Trade, Tourism and Industry Minister Geoffrey Da Silva recently visited Trinidad and Tobago where the issue of Guyana's possible purchase of oil from the twin-island republic was revisited. Da Silva's trip was preceded by one here by Petrotrin officials.

This is definitely an opportune moment for Guyana to re-enter the Trinidad petrol market. The strident rattling of President Chavez's Venezuelan sabre should be a loud enough message to the government in Georgetown that it would be folly to be at the mercy of Caracas for all of this country's oil supplies.

To what extent Mr Chavez's inflamed rhetoric against Guyana over his country's re-energised claim to the Essequibo was influenced by internal Venezuelan politics will soon become clear as he has since won an overwhelming victory at the polls. However, it is evident from all that has occurred since he assumed office that Mr Chavez is highly unpredictable and given to governing with great dramatic flourishes. In as sensitive an issue as the controversy that exists between the two countries, his style of governance can have unseen repercussions across a variety of fronts including the supply of oil. We should not be deluded and we should be prepared for the worst even if he were today to offer his personal assurances on the matter.
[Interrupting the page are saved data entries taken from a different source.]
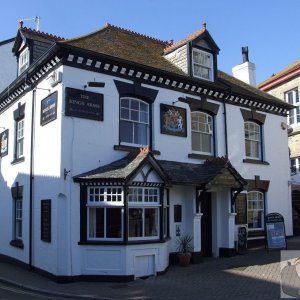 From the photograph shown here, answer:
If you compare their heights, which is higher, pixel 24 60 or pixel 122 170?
pixel 24 60

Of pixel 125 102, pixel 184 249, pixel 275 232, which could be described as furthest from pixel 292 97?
pixel 184 249

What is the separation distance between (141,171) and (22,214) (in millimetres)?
5142

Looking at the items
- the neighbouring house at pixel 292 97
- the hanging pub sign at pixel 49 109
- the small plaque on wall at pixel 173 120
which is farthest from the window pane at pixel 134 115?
the neighbouring house at pixel 292 97

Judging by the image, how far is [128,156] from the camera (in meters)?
12.9

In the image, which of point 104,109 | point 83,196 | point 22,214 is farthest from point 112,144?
point 22,214

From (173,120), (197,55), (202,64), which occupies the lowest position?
(173,120)

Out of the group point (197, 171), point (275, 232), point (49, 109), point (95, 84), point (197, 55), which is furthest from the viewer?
point (197, 55)

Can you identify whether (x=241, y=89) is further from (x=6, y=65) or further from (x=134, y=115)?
(x=6, y=65)

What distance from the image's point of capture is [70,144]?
11938 mm

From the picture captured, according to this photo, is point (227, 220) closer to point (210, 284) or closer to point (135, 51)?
point (210, 284)

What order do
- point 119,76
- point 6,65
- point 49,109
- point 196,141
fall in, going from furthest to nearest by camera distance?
point 6,65, point 196,141, point 119,76, point 49,109

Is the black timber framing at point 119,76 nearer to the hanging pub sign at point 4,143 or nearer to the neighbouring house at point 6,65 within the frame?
the hanging pub sign at point 4,143

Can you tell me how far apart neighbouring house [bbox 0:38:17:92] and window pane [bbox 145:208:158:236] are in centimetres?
1108

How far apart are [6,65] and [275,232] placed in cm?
1422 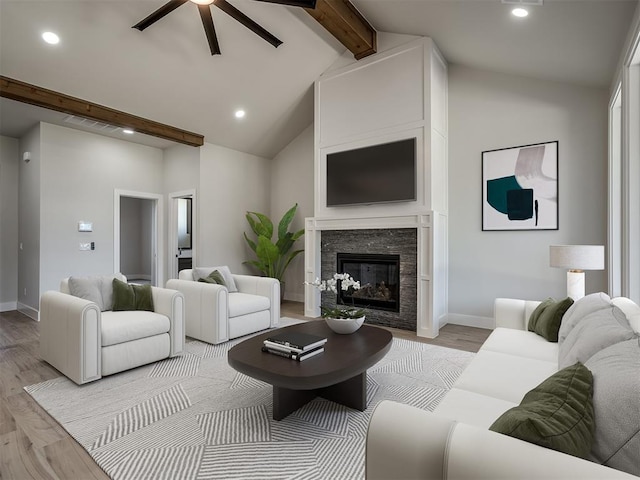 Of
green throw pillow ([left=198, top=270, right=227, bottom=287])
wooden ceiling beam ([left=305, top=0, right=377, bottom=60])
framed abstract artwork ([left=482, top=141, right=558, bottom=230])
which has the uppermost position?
wooden ceiling beam ([left=305, top=0, right=377, bottom=60])

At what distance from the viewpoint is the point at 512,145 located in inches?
163

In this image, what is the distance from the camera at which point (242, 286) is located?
178 inches

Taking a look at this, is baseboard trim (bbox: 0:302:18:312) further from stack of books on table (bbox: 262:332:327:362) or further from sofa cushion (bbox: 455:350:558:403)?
sofa cushion (bbox: 455:350:558:403)

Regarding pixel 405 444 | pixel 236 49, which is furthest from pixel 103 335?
pixel 236 49

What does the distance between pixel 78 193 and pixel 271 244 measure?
2.92m

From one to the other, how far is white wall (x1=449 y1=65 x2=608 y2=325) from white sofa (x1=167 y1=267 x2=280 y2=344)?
239 centimetres

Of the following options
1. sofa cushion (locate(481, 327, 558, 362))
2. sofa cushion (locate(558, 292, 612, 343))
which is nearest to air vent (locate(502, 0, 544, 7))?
sofa cushion (locate(558, 292, 612, 343))

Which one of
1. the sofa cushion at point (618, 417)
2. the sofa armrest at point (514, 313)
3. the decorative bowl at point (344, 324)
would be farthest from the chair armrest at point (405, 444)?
the sofa armrest at point (514, 313)

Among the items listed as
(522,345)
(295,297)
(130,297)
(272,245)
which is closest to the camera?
(522,345)

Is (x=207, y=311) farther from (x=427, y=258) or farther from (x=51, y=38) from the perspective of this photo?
(x=51, y=38)

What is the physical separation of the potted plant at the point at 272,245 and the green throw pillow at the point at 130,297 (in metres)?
2.51

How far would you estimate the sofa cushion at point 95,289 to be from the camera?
3.14m

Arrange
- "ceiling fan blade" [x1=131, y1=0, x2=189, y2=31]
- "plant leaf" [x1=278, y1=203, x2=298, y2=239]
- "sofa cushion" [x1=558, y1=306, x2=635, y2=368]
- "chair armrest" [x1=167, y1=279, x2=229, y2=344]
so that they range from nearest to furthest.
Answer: "sofa cushion" [x1=558, y1=306, x2=635, y2=368]
"ceiling fan blade" [x1=131, y1=0, x2=189, y2=31]
"chair armrest" [x1=167, y1=279, x2=229, y2=344]
"plant leaf" [x1=278, y1=203, x2=298, y2=239]

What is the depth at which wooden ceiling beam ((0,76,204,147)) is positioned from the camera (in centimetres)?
380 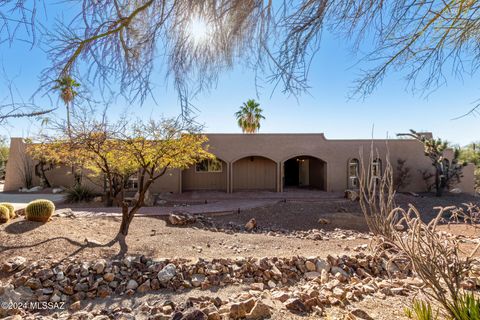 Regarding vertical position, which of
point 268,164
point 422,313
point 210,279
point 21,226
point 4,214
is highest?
point 268,164

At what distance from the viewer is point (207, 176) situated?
17.1 m

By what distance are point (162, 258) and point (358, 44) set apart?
16.8 feet

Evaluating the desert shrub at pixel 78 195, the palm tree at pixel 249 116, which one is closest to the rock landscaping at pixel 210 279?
the desert shrub at pixel 78 195

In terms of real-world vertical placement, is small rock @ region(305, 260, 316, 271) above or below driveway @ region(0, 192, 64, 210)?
below

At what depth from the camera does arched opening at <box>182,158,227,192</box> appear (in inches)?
666

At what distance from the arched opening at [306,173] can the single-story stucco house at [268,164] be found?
235mm

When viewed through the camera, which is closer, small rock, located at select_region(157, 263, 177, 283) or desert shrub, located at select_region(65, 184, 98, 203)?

In an atmosphere of rising tension, Guyana's reliance for oil on PDVSA, the Venezuelan national oil company, will exponentially increase this country's vulnerability. And so far Caracas has played hard ball on a number of issues. Its dark mutterings about oil exploration may have effectively ended the prospecting ambitions of Century Oil in this country's maritime zone and may be forcing US multinational, Exxon to rethink its plans. Coming on the heels of the CGX oil rig debacle on the eastern front, this is nothing short of a disaster for our hopes of becoming an oil producer. Venezuela has also upped the decibel levels on the Beal deal though it is left to be seen what practical impact this will have on the project.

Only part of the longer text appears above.